* Brief
After locating the line with "Аланья: GoldCity SM With Private Pool Villa" below, output it and each following line exactly, stopping after the line with "Déguisement Esmeralda enfant". No pictures.

* Task material
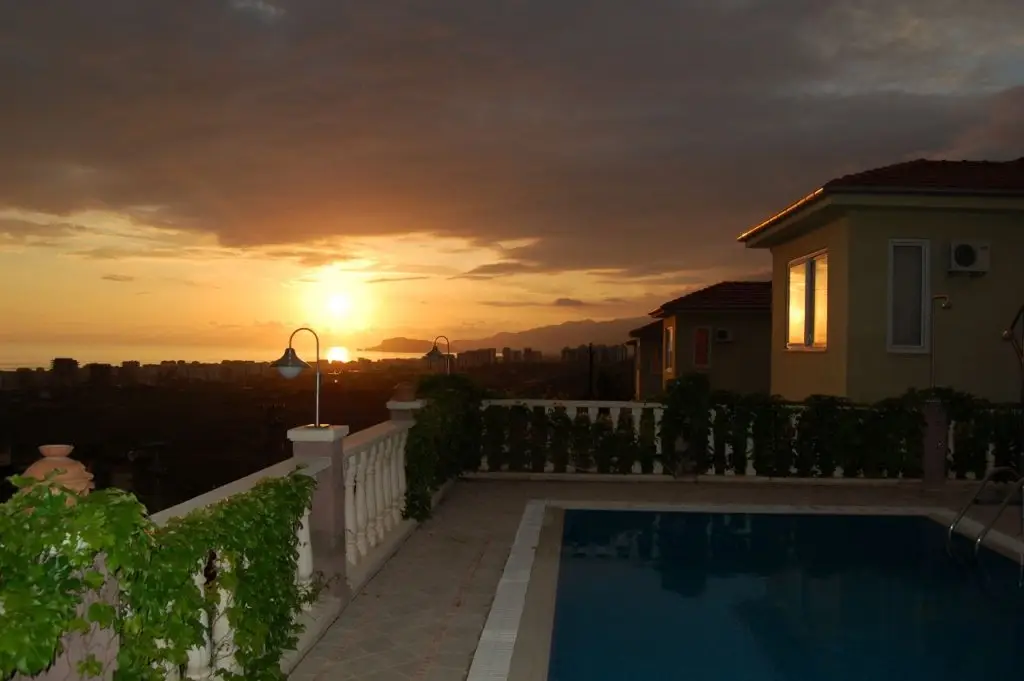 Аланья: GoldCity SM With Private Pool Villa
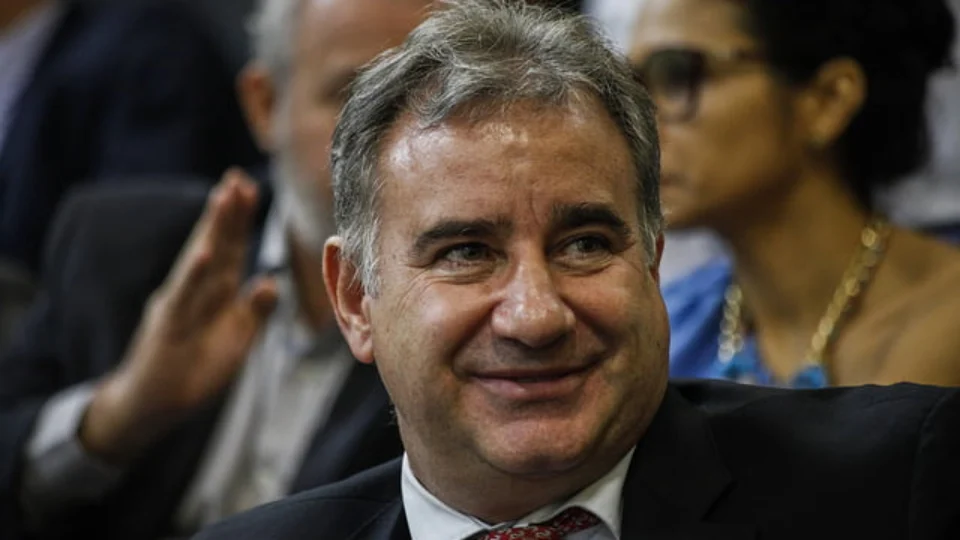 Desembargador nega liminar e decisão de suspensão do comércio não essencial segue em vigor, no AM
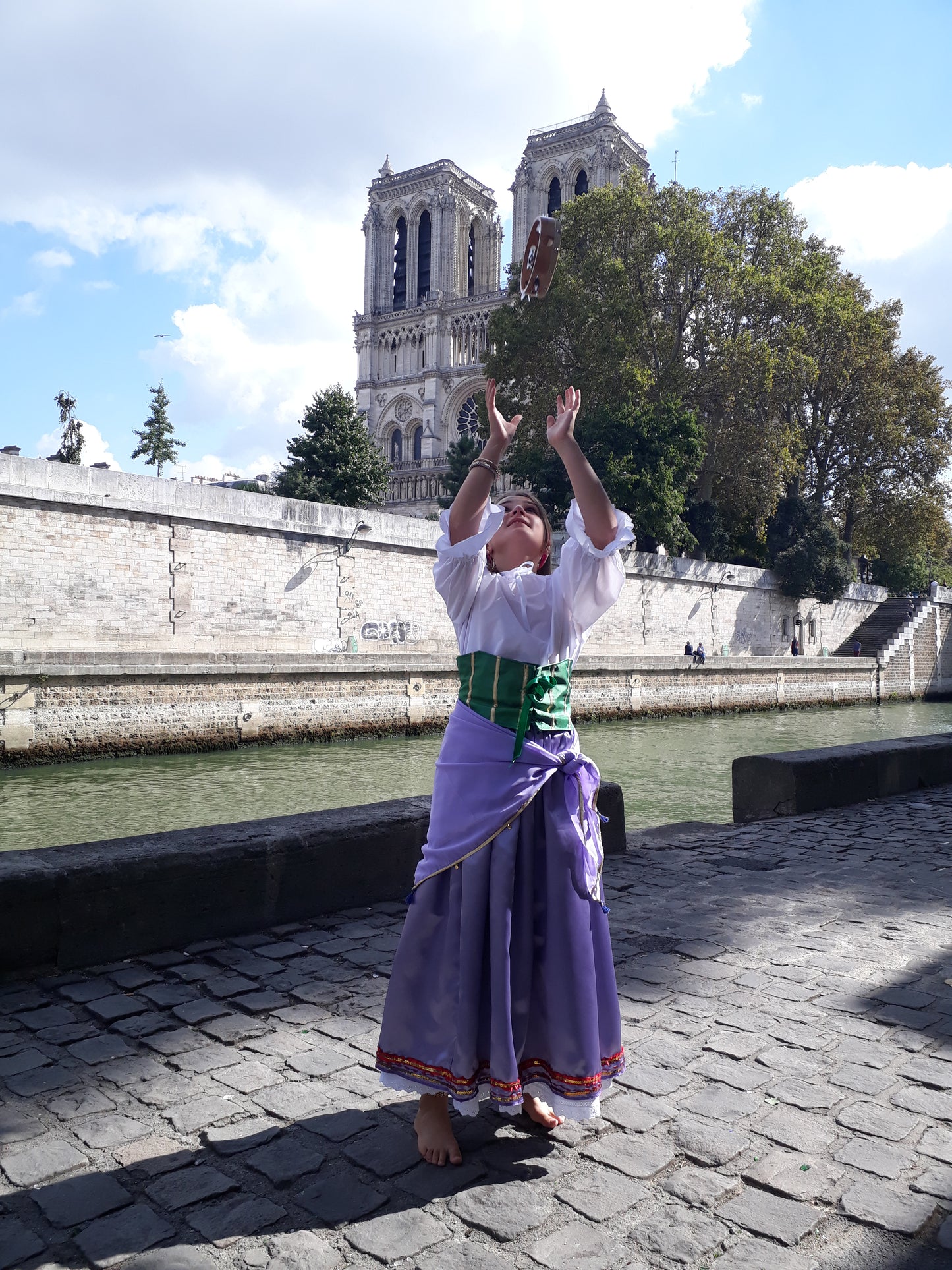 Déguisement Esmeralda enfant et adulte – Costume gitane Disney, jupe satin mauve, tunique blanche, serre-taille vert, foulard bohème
* * *
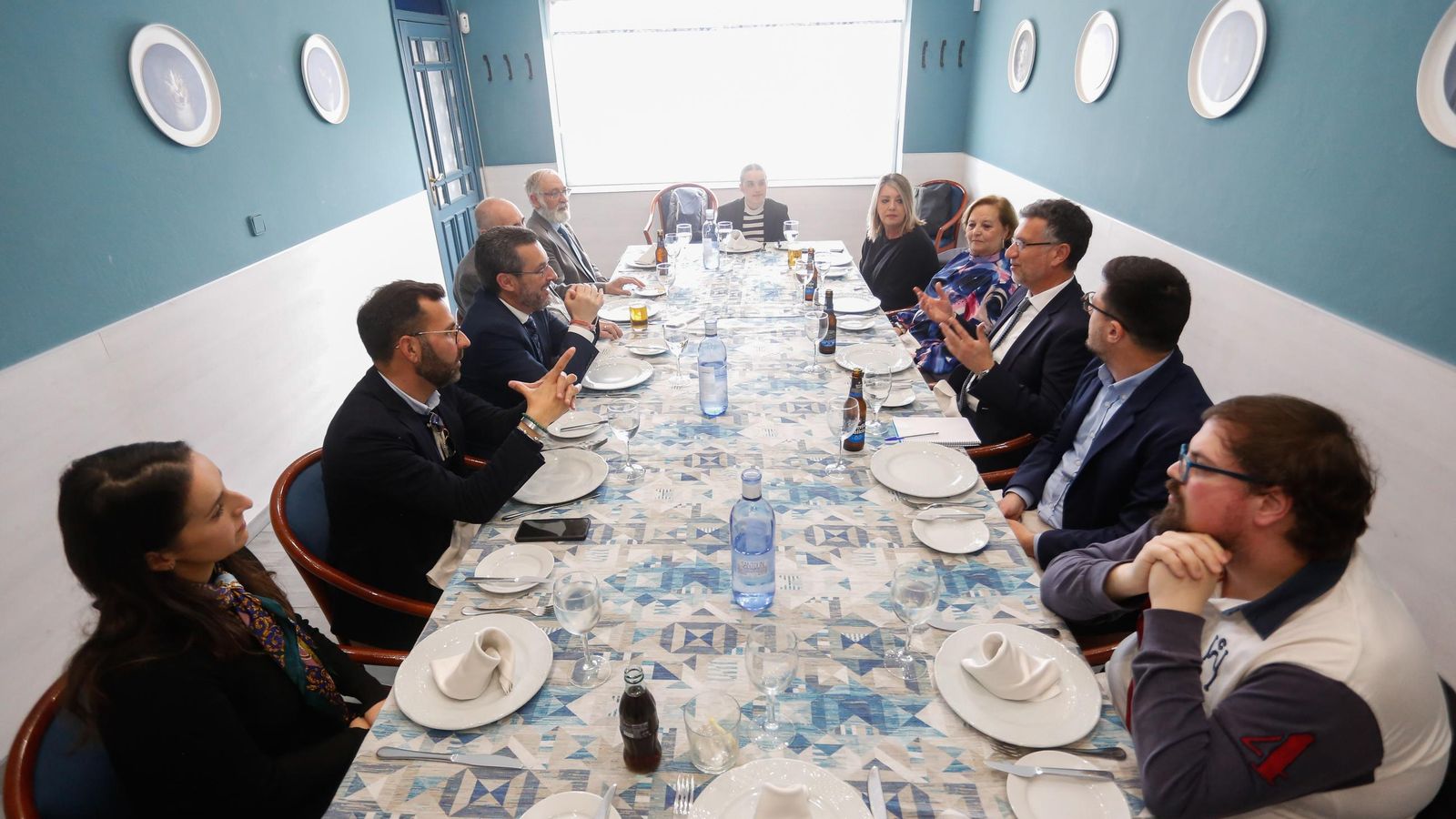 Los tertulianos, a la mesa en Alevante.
...
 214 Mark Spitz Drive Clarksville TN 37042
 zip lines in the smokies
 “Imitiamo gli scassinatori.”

* Your response
 Аланья: GoldCity SM With Private Pool Villa
 Desembargador nega liminar e decisão de suspensão do comércio não essencial segue em vigor, no AM
 Déguisement Esmeralda enfant et adulte – Costume gitane Disney, jupe satin mauve, tunique blanche, serre-taille vert, foulard bohème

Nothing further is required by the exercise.